If you have labels in the first cell of each factor, select the “Labels” option.
Suppose you want to perform a principal component analysis on the data given in Figure 8-70 having the two dimensions (factors) x and y.
- Enter Sheet1!$A$1:$B$11 (or just A1:B11) in the “Input Range:” entry by typing this directly into the entry or clicking in the entry field and then selecting the range on the sheet.
- Select the “ option since the first row contains labels. (see ”Figure 8-69).
- Specify the output options as described above.
- Press the OK button.
The output of this principal component analysis is shown in Figure 8-75. The output shows the covariance matrix, the eigenvalues and corresponding eigenvectors. The principal component is the constructed factor with the highest percent of trace, ξ1.
8.4.5. Regression Tool
The regression tool performs a multiple regression analysis.
Enter a range or list of ranges containing the independent variables into the “X Variables:” entry.
Enter a single range containing the dependent variable into the “Y Variable:” entry.
If the ranges for the independent and dependent variables also contains labels in the first field of each row, column or area, select the “ Labels” option.
Specify the confidence level in the “Confidence Level:” entry. The default is 95%.
To force the regression line or plane to pass through the origin, select the “Force Intercept To Be Zero” option.

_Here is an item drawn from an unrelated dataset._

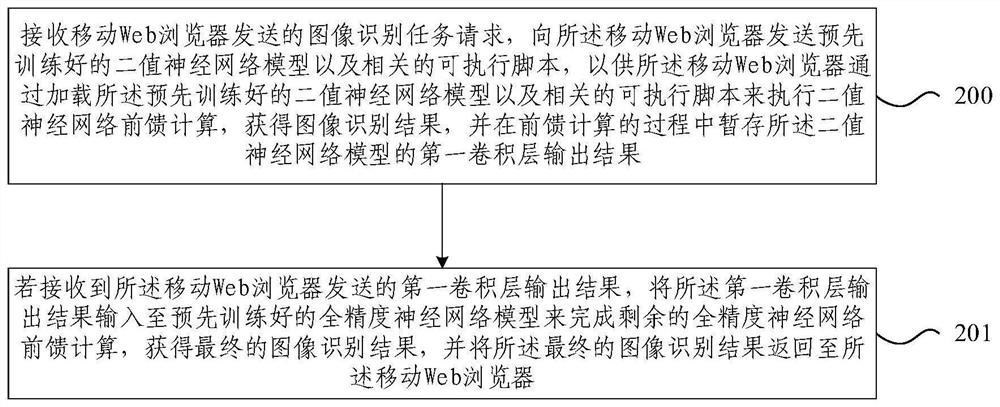 Lightweight web AR recognition method and system based on binary neural network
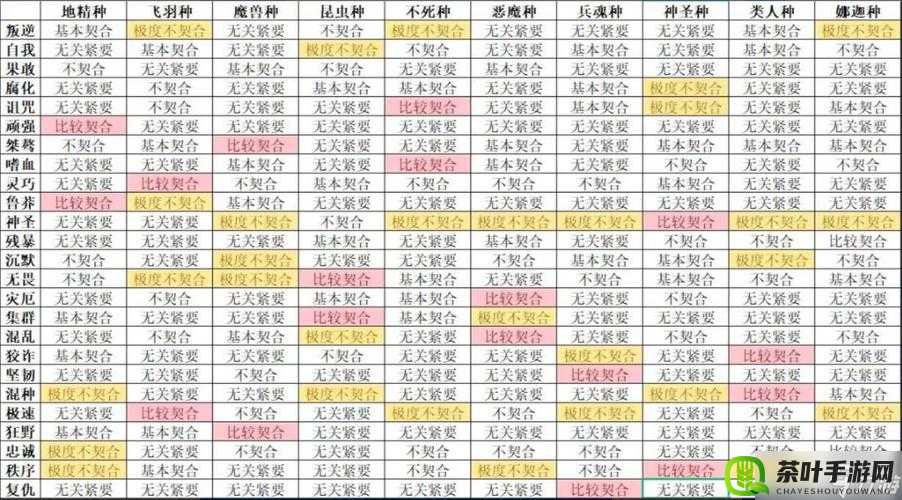 第二银河开局种族选择攻略 哪种族更具优势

Specify the output options as described above. If the output is directed into a specific output range, that range should contain at least seven columns and 17 rows more than there are independent variables.
Suppose you want to perform a regression analysis on the data given in Figure 8-73 using v and y as independent variables and u as dependent variable.
- Enter B1:C11 in the “X Variables:” entry by typing this directly into the entry or clicking in the entry field and then selecting the range on the sheet.
- Enter A1:A11 in the “Y Variable:” entry.
- Select the “ option since the first row contains labels. (see ”Figure 8-74).
- Specify the output options as described above.
- Press the OK button.
The output of this regression analysis is shown in Figure 8-75.